=== WHAT THE EXERCISE ASKS ===
Only the count is expected: the number of lines below that contain "Protein".

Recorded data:
——————————
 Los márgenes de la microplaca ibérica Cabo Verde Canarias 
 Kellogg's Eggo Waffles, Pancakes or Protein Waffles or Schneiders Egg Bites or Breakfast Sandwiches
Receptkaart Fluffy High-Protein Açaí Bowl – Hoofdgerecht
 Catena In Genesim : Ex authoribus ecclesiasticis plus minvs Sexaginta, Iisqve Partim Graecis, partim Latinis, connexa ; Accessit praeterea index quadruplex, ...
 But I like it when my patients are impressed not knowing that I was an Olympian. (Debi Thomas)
——————————
=== EXPECTED ANSWER ===
2